Step 5 — Anticipate CFO objections
Article 20 lists the standard CFO objections to DiD. For each, draft your rebuttal plan.
- “Could a macroeconomic shift explain this?”
- “Could a different firm-wide initiative explain this?”
- “Are the treated and control offices really comparable?”
- “How confident are you about the parallel-trends check?”
For each objection, name the specific evidence that addresses it.
Step 6 — Write the rollout-design document
Three to five pages. Sections:
- Proposed rollout schedule. Wave-by-wave with office assignments.
- Identification strategy. DiD specification, estimator choice, clustering.
- Parallel-trends test plan. Pre-treatment diagnostic and placebo plan.
- Sample-size analysis. MDE, power, duration required.
- Anticipated objections and rebuttals. Four standard CFO objections, documented rebuttal evidence.
- Risk and fallback. What happens if parallel-trends fails; what happens if the macro shock persists.
Guidance
- Wave selection is the crux. The product team will want to launch to offices with the most “pent-up demand”; that is outcome-driven sequencing, which kills DiD. Your design must balance product-team preferences with identification discipline.
- Practice-area heterogeneity. Five practice areas in one office can look very different from each other. Treating practice area as a separate unit in the analysis gives you 60 units instead of 12, improving power and supporting sub-group analyses.
- The macro shock matters. Industry billable-hours decline in recent quarters may violate parallel trends in ways that are hard to distinguish from treatment effects. Plan for this explicitly.
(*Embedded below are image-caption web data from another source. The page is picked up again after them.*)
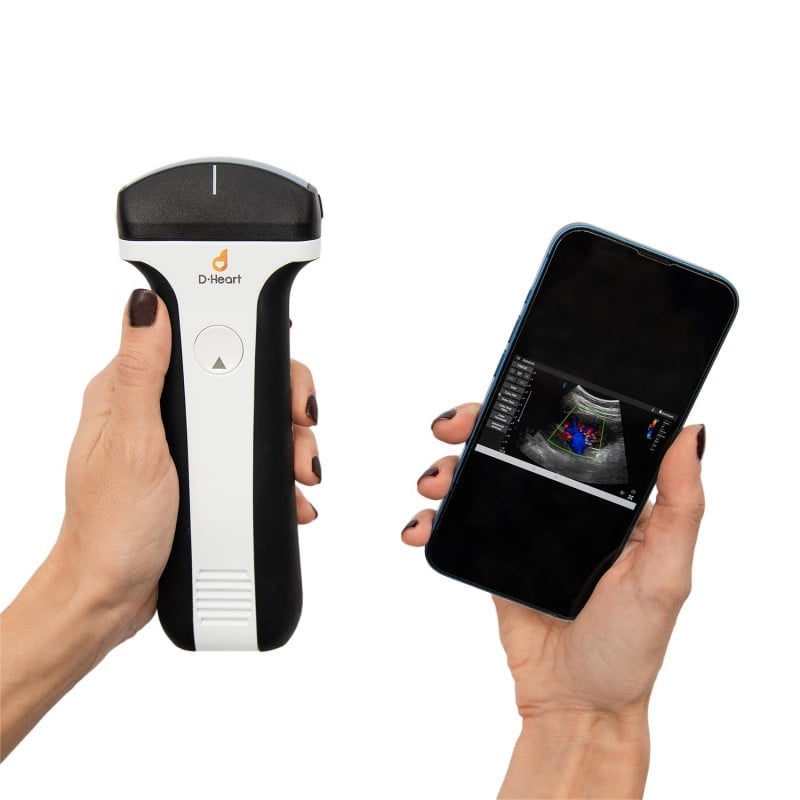 D-Heart handheld Ultraschallgerät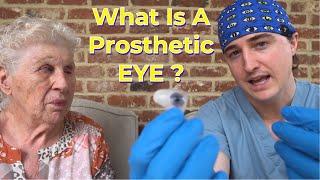 Prosthetic Eye | Explained by an Eye Surgeon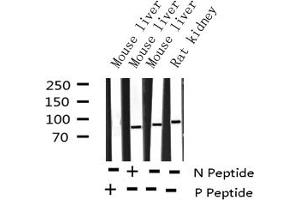Western blot analysis of Phospho-IKK alpha (Thr23) expression in various lysates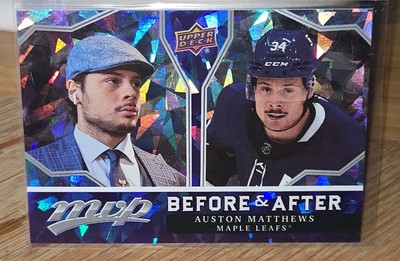 2021-22 Upper Deck MVP Auston Matthews Before & After #BA-1 Toronto Maple Leafs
- Honesty about uncertainty. The final report to the CFO should disclose that DiD identification rests on assumptions; the parallel-trends check supports those assumptions but does not prove them; placebo tests are suggestive but not definitive.
Evaluation rubric
| Dimension | What to demonstrate | Weight |
|---|---|---|
| Rollout design | Stagecraft, wave selection, identification-aware | 20% |
| DiD specification | Correct econometric form; appropriate estimator | 15% |
| Parallel-trends plan | Visual and formal checks; placebo plan | 15% |
| Sample-size math | MDE computed; compared to business-case effect | 15% |
| CFO objection handling | Each standard objection addressed with specific evidence | 15% |
| Macro-shock handling | Explicit acknowledgment and mitigation | 10% |
| Document quality | Reads in 15 minutes; supports CFO decision | 10% |
Reflection questions
- The product team pushes to launch in Toronto first because Toronto was the successful pilot. What is your recommendation, and how do you negotiate?
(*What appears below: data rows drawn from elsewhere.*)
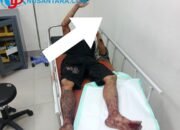 Gresik Berdarah: Warga Hulaan Dibacok OTK, Kapolsek Menganti Tabuh Genderang Perang Lawan Premanisme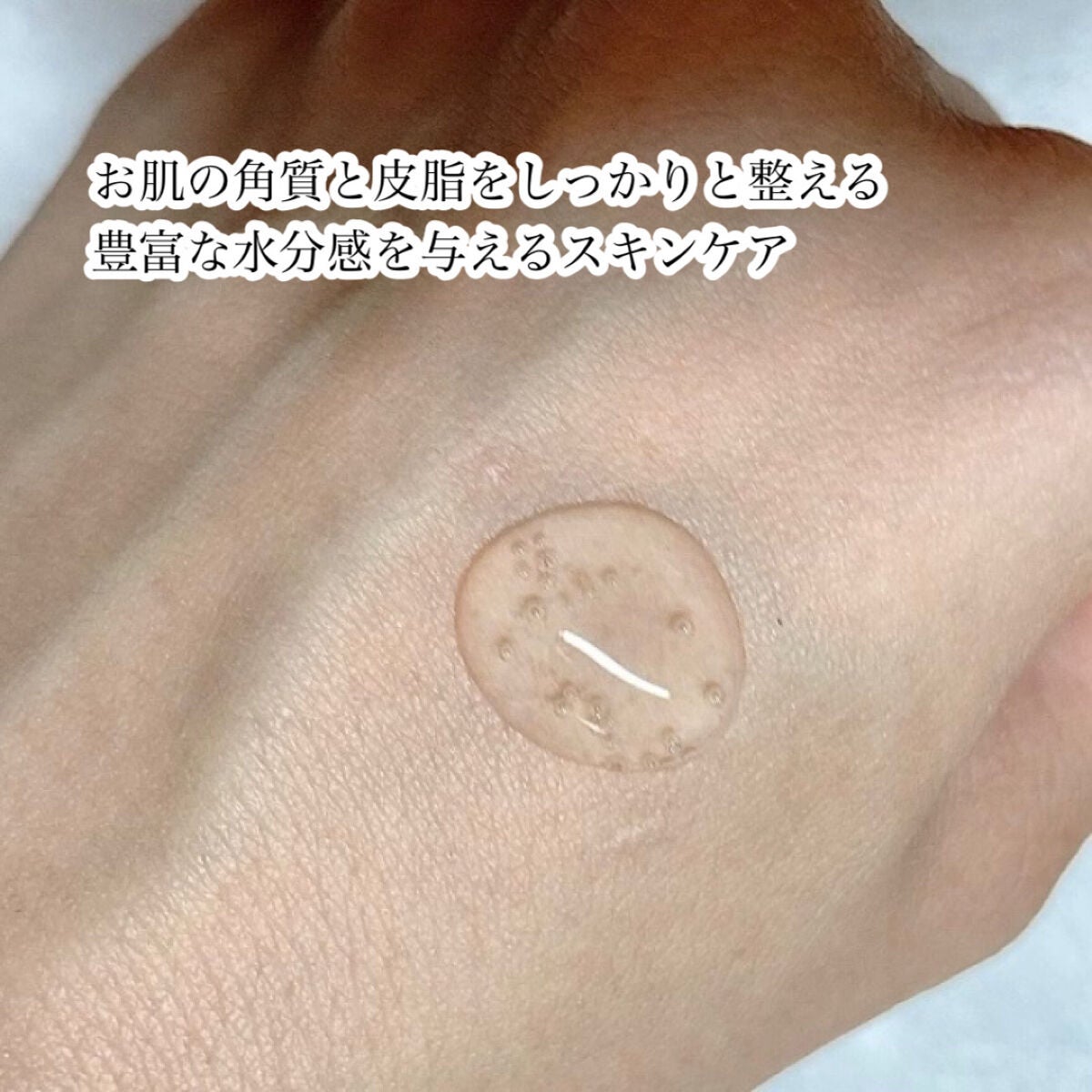 ドクダミカーミングタッチスポットパッド/Abib /トナーパッドを使ったクチコミ(7枚目)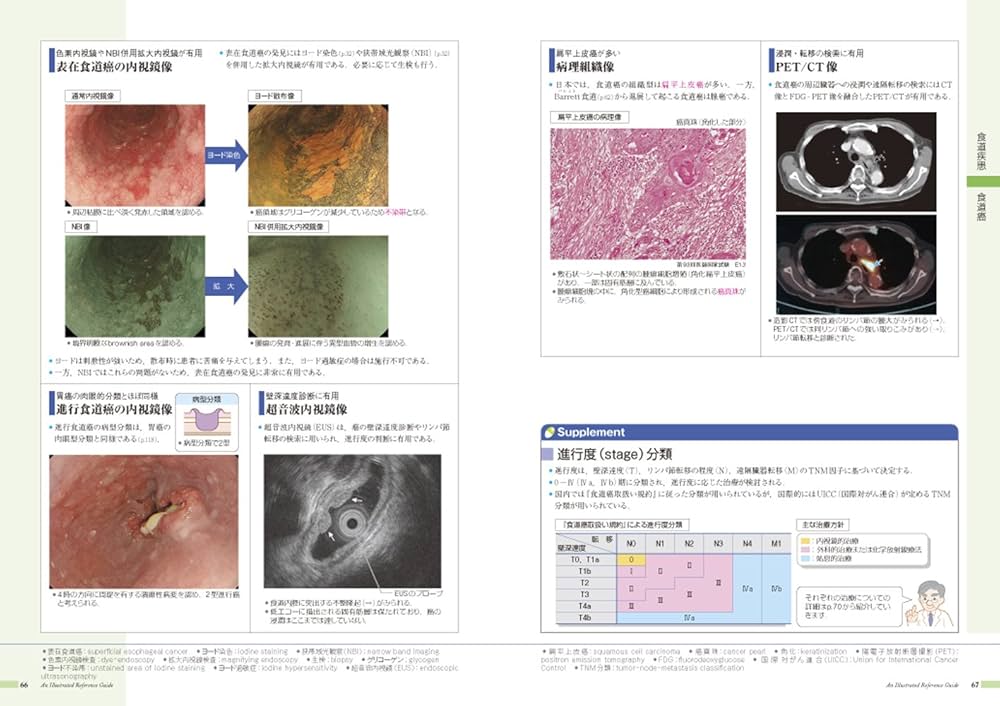 病気がみえる 〈vol.1〉 消化器 | 医療情報科学研究所 |本 | 通販 | Amazon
- Your sample-size math shows the MDE is 2.8% but the business case requires detecting a 4% effect. What are your design options?
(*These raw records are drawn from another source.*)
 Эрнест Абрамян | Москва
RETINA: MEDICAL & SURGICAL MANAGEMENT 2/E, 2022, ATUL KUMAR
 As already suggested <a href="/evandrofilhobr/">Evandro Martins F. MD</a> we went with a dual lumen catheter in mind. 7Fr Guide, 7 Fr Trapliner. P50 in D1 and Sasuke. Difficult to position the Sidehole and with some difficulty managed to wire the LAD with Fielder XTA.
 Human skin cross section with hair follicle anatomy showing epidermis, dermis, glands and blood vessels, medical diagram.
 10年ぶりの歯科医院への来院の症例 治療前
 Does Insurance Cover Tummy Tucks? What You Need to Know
- Six months into the rollout, a placebo test flags a pre-treatment divergence you had not caught. What is the corrective process?
Linked articles and further reading
- Article 18 — Choosing between experimental and observational designs.
- Article 20 — Difference-in-differences in AI rollouts.
- Article 11 — Sensitivity analysis for the MDE computation.
- Callaway and Sant’Anna, Difference-in-Differences with Multiple Time Periods, Journal of Econometrics (2021).
Submission
Submit the rollout-design document and the parallel-trends test plan. Reviewer will validate the identification strategy, the stat choices, and the rebuttal preparedness.